From the first line to the last, print the material exactly, skipping the pictures.

## [Supplied data]
[Start of section]
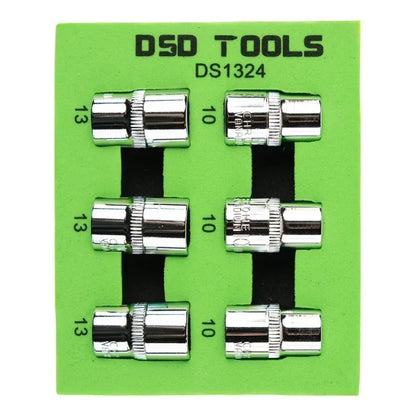 6PC 3/8" DR 10MM + 13MM 6PT SHALLOW SOCKETS DS1324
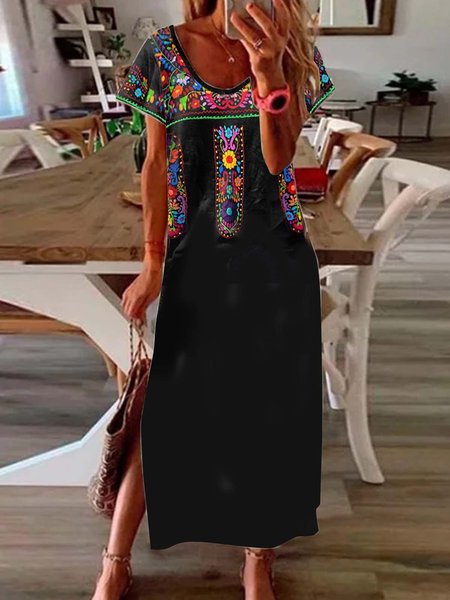 

JFN O Neck Floral Tribal Casual Mexican Dress, Black, Dresses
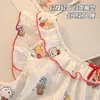 Estilo Nuevo de Verano Algodón Nube Tirantes para Niña con Almohadilla en el Pecho Lazo Casual Dulce Conjunto de Ropa para el Hogar para Mujer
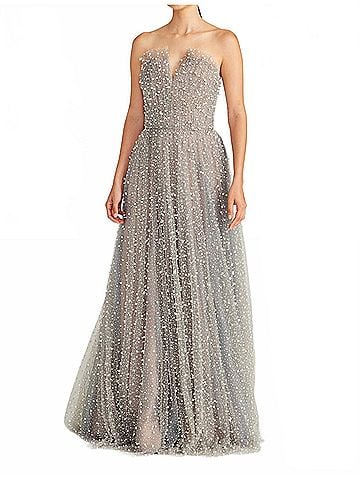 Theia Women's Marilyn Strapless Glimmer Gown in Silvershade (view 2)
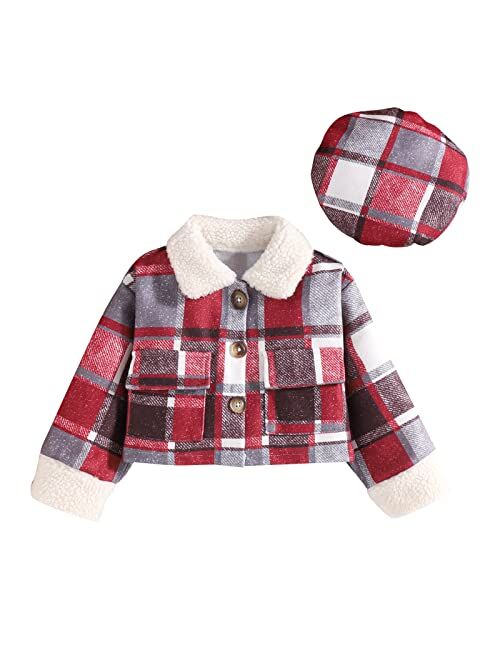 Noubeau Baby Boys Girls Corduroy Jacket Kids Toddler Sherpa Lined Top Lapel Button Down Thicked Warm Coat Winter Outerwear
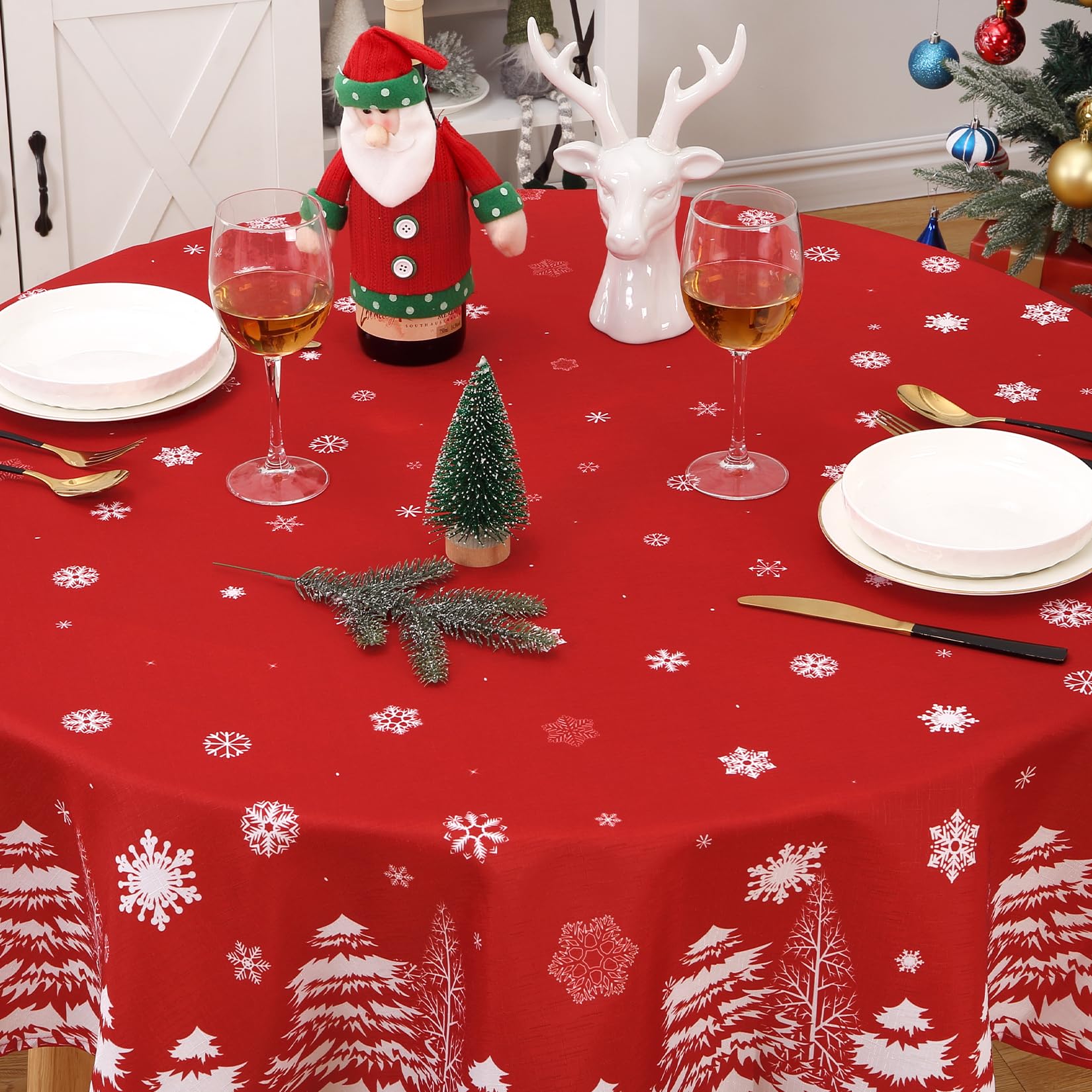 Mnsruu Weihnachtstischdecke Rund – 152,4 Cm Durchmesser, Rot Mit Schneeflocken & Spitze, Aus Polyester, Für Festtafeln & Deko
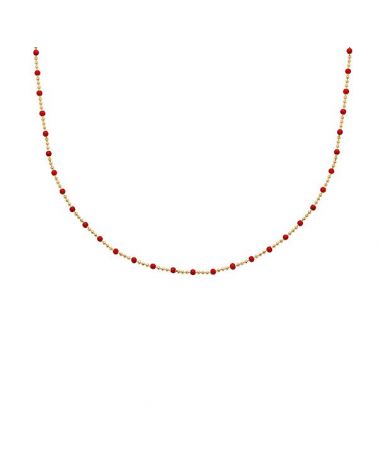 Collier ras de cou perles émail rouge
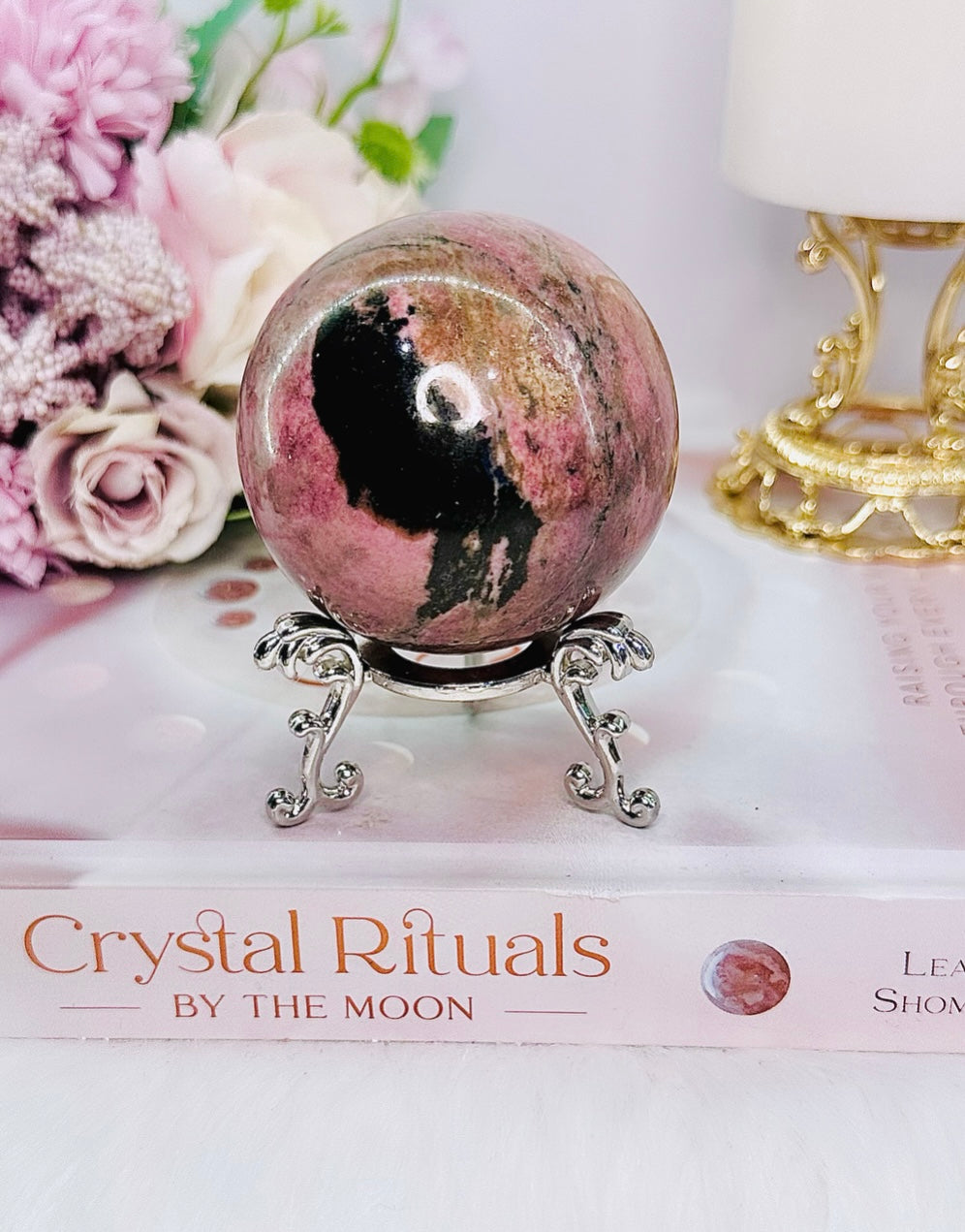 Stunning 341gram Rhodonite Sphere On Stand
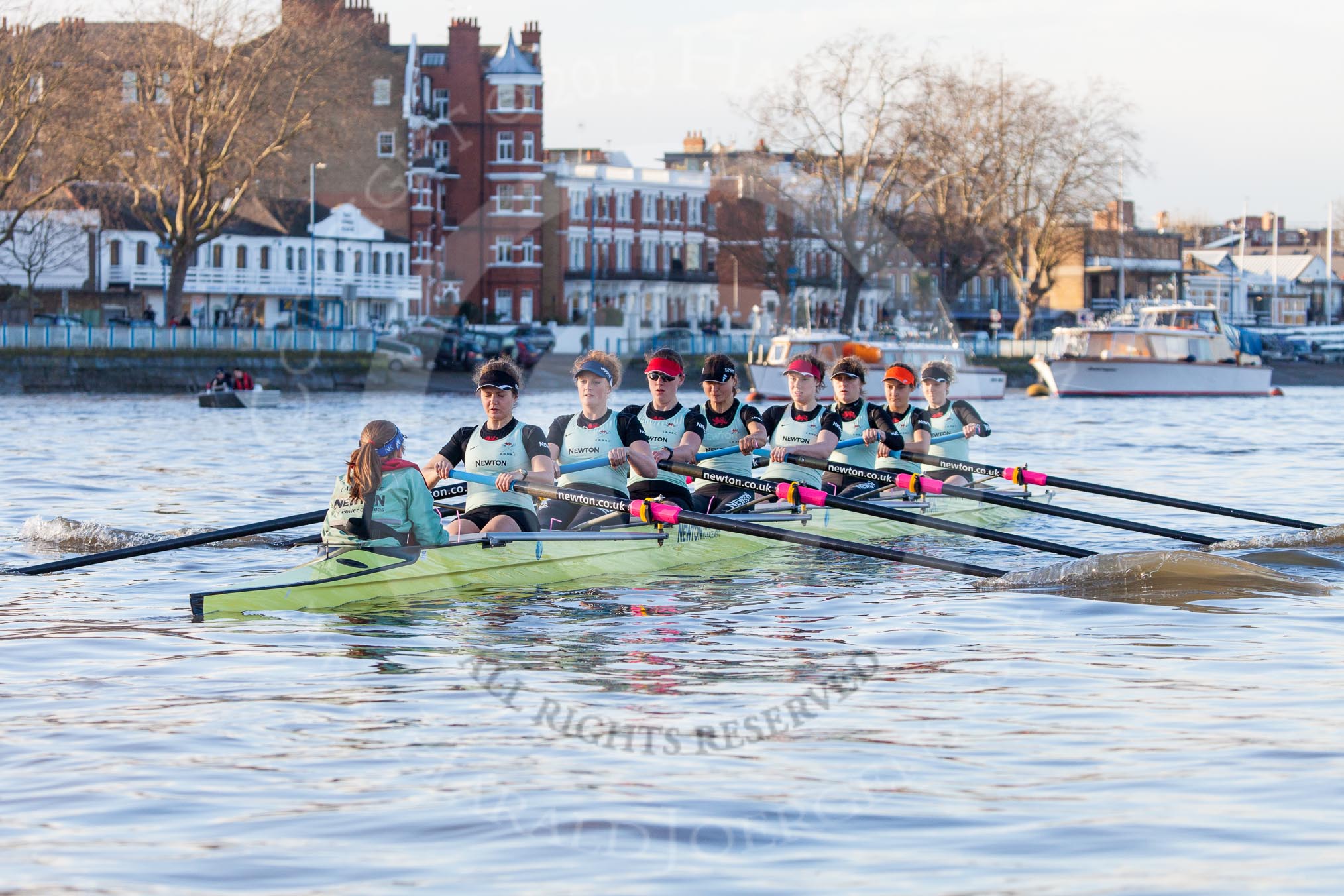 The Boat Race season 2014 - Women's Trial VIIIs(CUWBC, Cambridge): Nudge Nudge: Cox Esther Momcilovic, Stroke Holly Game,7 Izzy Vyvyan, 6 Kate Ashley, 5 Valentina Futoryanova, 4 Catherine Foot, 3 Hannah Evans, 2 Anouska Bartlett, Bow Lottie Meggitt..
River Thames between Putney Bridge and Mortlake,
London SW15,

United Kingdom,
on 19 December 2013 at 14:02, image #303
[End of section]
## [Answer for the task]
 6PC 3/8" DR 10MM + 13MM 6PT SHALLOW SOCKETS DS1324

JFN O Neck Floral Tribal Casual Mexican Dress, Black, Dresses
 Estilo Nuevo de Verano Algodón Nube Tirantes para Niña con Almohadilla en el Pecho Lazo Casual Dulce Conjunto de Ropa para el Hogar para Mujer
 Theia Women's Marilyn Strapless Glimmer Gown in Silvershade (view 2)
 Noubeau Baby Boys Girls Corduroy Jacket Kids Toddler Sherpa Lined Top Lapel Button Down Thicked Warm Coat Winter Outerwear
 Mnsruu Weihnachtstischdecke Rund – 152,4 Cm Durchmesser, Rot Mit Schneeflocken & Spitze, Aus Polyester, Für Festtafeln & Deko
 Collier ras de cou perles émail rouge
 Stunning 341gram Rhodonite Sphere On Stand
 The Boat Race season 2014 - Women's Trial VIIIs(CUWBC, Cambridge): Nudge Nudge: Cox Esther Momcilovic, Stroke Holly Game,7 Izzy Vyvyan, 6 Kate Ashley, 5 Valentina Futoryanova, 4 Catherine Foot, 3 Hannah Evans, 2 Anouska Bartlett, Bow Lottie Meggitt..
River Thames between Putney Bridge and Mortlake,
London SW15,

United Kingdom,
on 19 December 2013 at 14:02, image #303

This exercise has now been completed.